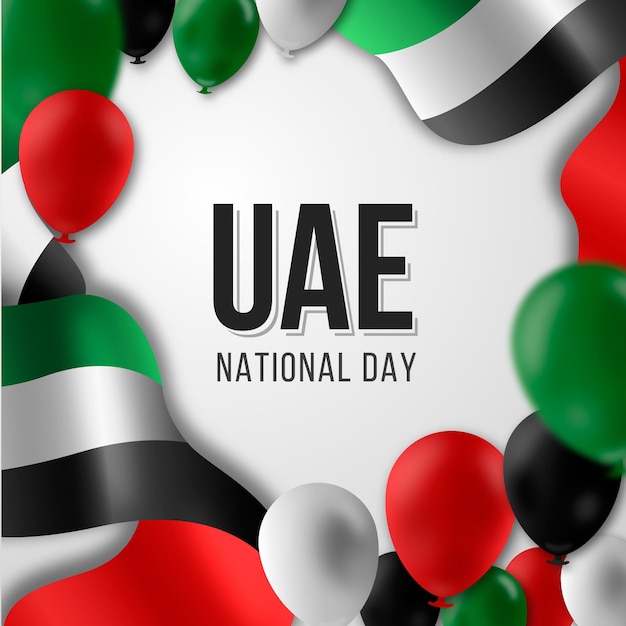 Vector united arab emirates national day event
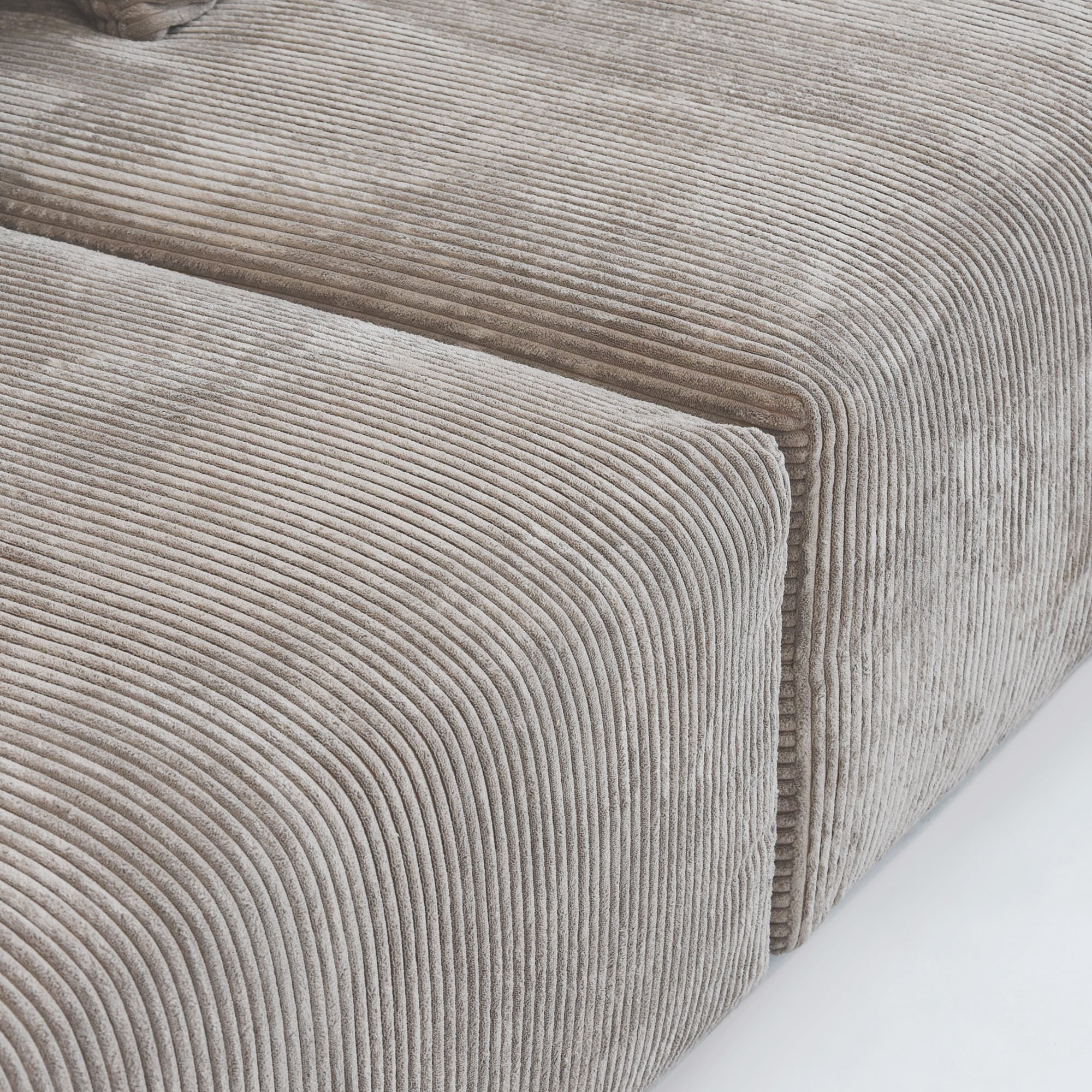 142 Contemporary Corduroy Sectional Sofa Classic Deep Couch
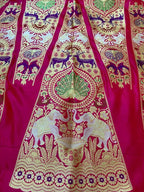 Pink Banarasi Pure Katan Silk Unstitched Lehenga Set - Luxurion World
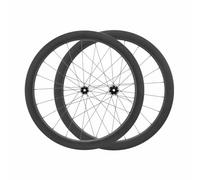Road Bike Clincher Wheelset 700c Wind-breaking Wheels 38/42/45/50mm Carbon Rim Thru Axle Front 12 * 100mm Rear 12 * 142mm Center Lock Disc Brake 8/9/10/11/12 Speed Cassette(50mm)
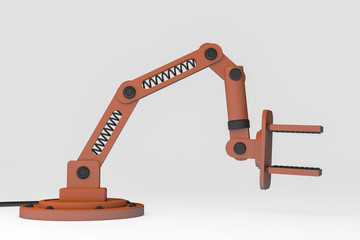 A robot arm for precise, faster work (3d rendering)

________________________________________

■ Your task:
Every line between the one containing "Pink Banarasi Pure" and the end of the listing, both included, needs to be retyped exactly, minus the pictures.

■ Response:
 Pink Banarasi Pure Katan Silk Unstitched Lehenga Set - Luxurion World
Road Bike Clincher Wheelset 700c Wind-breaking Wheels 38/42/45/50mm Carbon Rim Thru Axle Front 12 * 100mm Rear 12 * 142mm Center Lock Disc Brake 8/9/10/11/12 Speed Cassette(50mm)
 A robot arm for precise, faster work (3d rendering)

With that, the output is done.